Goal: Design biocompatible and compliant nano-scaffolds to treat inflammation associated with coronary artery disease.

Read an executive summary of the project.

• Mesoporous Carbon-Based Polyanionic Nanocomposite Cathodes for Lithium Ion Batteries

Principal Investigators: Christian Lastoskie, associate professor of civil and environmental engineering, U-M; Junliang Zhang, professor of mechanical engineering, SJTU.

Goal: Develop novel and superior electrode materials for lithium ion batteries.

Read an executive summary of the project.

The data science projects are:

Ultra-Low Dose CT Image reconstruction Based on Big Data Priors

Principal Investigators: Jeffrey Fessler, professor of electrical engineering and computer science, U-M; Yong Long, assistant professor associate special research fellow, UM-SJTU Joint Institute.

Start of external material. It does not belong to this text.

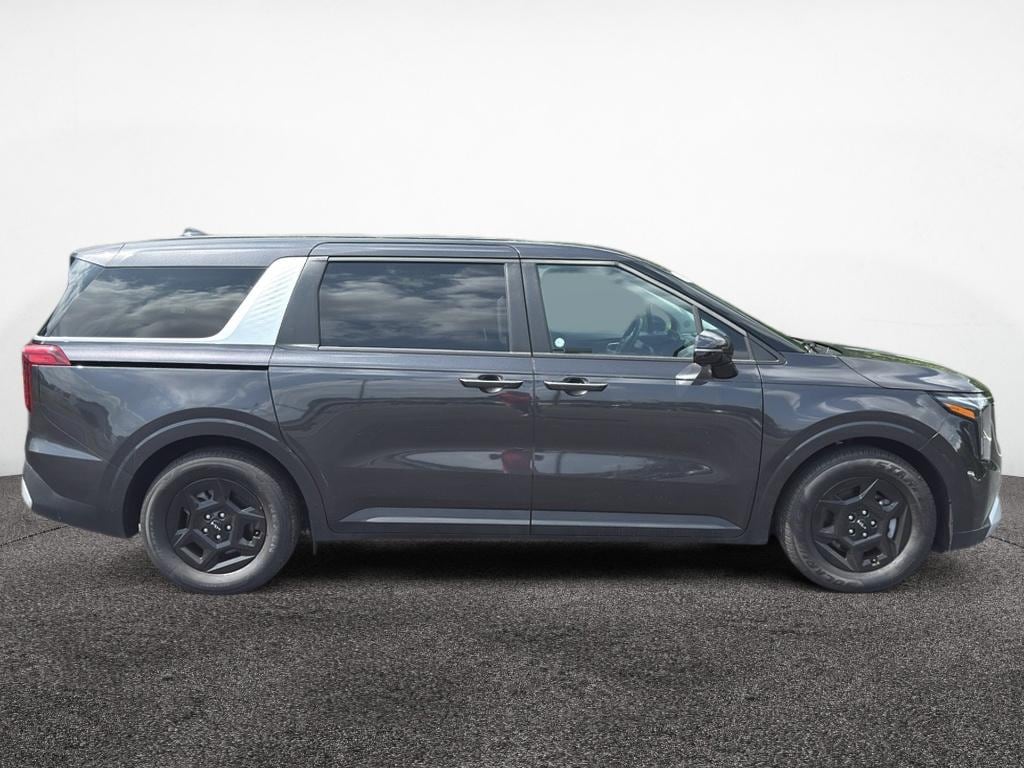 Used 2025 Kia Carnival LXS Van Passenger Van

Goal: Improve image quality ultra-low dose CT scans by developing, implementing and evaluating improved model-based image reconstruction methods using information extracted from a big dataset of existing clinical CT images.

Read an executive summary of the project.

Efficient Computational Approaches to Large Neuronal Networks

Principal Investigators: Daniel Forger, professor of mathematics, U-M; Adam Stinchcombe, assistant professor of mathematics, U-M; David Cai, chair professor, Institute of Natural Sciences, SJTU; Douglas Zhou, distinguished research fellow, Institute of Natural Sciences and Department of Mathematics, SJTU

Goal: Develop numerical methods to simulate large-scale networks of neurons able to be used in a wide variety of applications.

Read an executive summary of the project.

The research partnerships between U-M and SJTU are part of a broader relationship between the two schools. In 2005, U-M and SJTU formed a joint institute to manage and direct degree-granting programs offered by both universities to students of both nations.

The next call for proposals for the collaborative research awards is expected to be available in the spring.